● **DATASET RECORDS**:
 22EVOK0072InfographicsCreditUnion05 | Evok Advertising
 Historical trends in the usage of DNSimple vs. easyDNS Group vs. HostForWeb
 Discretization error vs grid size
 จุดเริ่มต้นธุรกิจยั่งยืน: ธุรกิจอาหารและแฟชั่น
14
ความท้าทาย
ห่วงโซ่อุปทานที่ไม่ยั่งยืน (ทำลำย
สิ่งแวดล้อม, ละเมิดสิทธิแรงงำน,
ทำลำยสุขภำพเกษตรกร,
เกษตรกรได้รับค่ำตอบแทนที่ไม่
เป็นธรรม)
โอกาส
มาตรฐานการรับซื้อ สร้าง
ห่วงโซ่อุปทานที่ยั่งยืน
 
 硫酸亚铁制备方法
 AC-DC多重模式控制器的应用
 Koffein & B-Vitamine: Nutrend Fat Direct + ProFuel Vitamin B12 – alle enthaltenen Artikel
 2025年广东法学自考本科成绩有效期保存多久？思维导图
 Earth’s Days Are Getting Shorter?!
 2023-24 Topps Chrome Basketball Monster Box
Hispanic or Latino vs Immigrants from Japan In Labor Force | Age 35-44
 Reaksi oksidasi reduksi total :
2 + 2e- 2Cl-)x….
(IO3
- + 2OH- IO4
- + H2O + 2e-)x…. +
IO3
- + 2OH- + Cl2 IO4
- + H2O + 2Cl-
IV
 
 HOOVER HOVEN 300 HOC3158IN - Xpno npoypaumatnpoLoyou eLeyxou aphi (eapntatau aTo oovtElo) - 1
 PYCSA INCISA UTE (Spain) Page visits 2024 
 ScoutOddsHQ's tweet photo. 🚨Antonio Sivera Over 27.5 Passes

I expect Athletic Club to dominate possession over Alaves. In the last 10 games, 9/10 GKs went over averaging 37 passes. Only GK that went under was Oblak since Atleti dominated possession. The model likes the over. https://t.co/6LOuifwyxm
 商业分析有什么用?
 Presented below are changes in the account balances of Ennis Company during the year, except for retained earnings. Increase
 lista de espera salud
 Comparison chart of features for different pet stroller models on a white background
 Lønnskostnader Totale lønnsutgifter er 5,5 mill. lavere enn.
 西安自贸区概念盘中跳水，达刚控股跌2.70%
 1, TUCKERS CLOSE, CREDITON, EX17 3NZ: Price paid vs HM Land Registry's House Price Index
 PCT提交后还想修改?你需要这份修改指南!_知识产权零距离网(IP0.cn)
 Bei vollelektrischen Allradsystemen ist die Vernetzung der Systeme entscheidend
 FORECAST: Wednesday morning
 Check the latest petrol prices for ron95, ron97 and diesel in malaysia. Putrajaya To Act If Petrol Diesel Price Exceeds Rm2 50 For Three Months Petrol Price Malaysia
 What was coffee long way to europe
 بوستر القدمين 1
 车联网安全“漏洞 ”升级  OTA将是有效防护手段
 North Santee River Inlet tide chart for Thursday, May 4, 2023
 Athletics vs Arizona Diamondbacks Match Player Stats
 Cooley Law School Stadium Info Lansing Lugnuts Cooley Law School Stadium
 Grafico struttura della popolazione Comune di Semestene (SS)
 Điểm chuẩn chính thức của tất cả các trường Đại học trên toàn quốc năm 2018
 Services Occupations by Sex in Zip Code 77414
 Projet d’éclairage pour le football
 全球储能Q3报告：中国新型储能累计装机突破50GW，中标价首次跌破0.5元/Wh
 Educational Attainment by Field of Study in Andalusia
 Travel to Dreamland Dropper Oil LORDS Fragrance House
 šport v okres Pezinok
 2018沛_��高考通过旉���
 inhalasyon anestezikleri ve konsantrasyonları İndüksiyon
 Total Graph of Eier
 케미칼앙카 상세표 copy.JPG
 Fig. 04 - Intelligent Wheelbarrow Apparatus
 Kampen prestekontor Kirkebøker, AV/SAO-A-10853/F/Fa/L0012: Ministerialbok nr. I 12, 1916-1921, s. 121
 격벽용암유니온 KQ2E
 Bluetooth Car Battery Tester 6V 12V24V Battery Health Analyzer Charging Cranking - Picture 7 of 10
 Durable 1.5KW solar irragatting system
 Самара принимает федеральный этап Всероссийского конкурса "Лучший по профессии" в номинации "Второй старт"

● **YOUR OBJECTIVE**:
The lines to quote run from the one containing "Cooley Law School Stadium Info" through the final line of the material above; please give them exactly, both ends included, and nothing else.

● **ANSWER SECTION**:
 Cooley Law School Stadium Info Lansing Lugnuts Cooley Law School Stadium
 Grafico struttura della popolazione Comune di Semestene (SS)
 Điểm chuẩn chính thức của tất cả các trường Đại học trên toàn quốc năm 2018
 Services Occupations by Sex in Zip Code 77414
 Projet d’éclairage pour le football
 全球储能Q3报告：中国新型储能累计装机突破50GW，中标价首次跌破0.5元/Wh
 Educational Attainment by Field of Study in Andalusia
 Travel to Dreamland Dropper Oil LORDS Fragrance House
 šport v okres Pezinok
 2018沛_��高考通过旉���
 inhalasyon anestezikleri ve konsantrasyonları İndüksiyon
 Total Graph of Eier
 케미칼앙카 상세표 copy.JPG
 Fig. 04 - Intelligent Wheelbarrow Apparatus
 Kampen prestekontor Kirkebøker, AV/SAO-A-10853/F/Fa/L0012: Ministerialbok nr. I 12, 1916-1921, s. 121
 격벽용암유니온 KQ2E
 Bluetooth Car Battery Tester 6V 12V24V Battery Health Analyzer Charging Cranking - Picture 7 of 10
 Durable 1.5KW solar irragatting system
 Самара принимает федеральный этап Всероссийского конкурса "Лучший по профессии" в номинации "Второй старт"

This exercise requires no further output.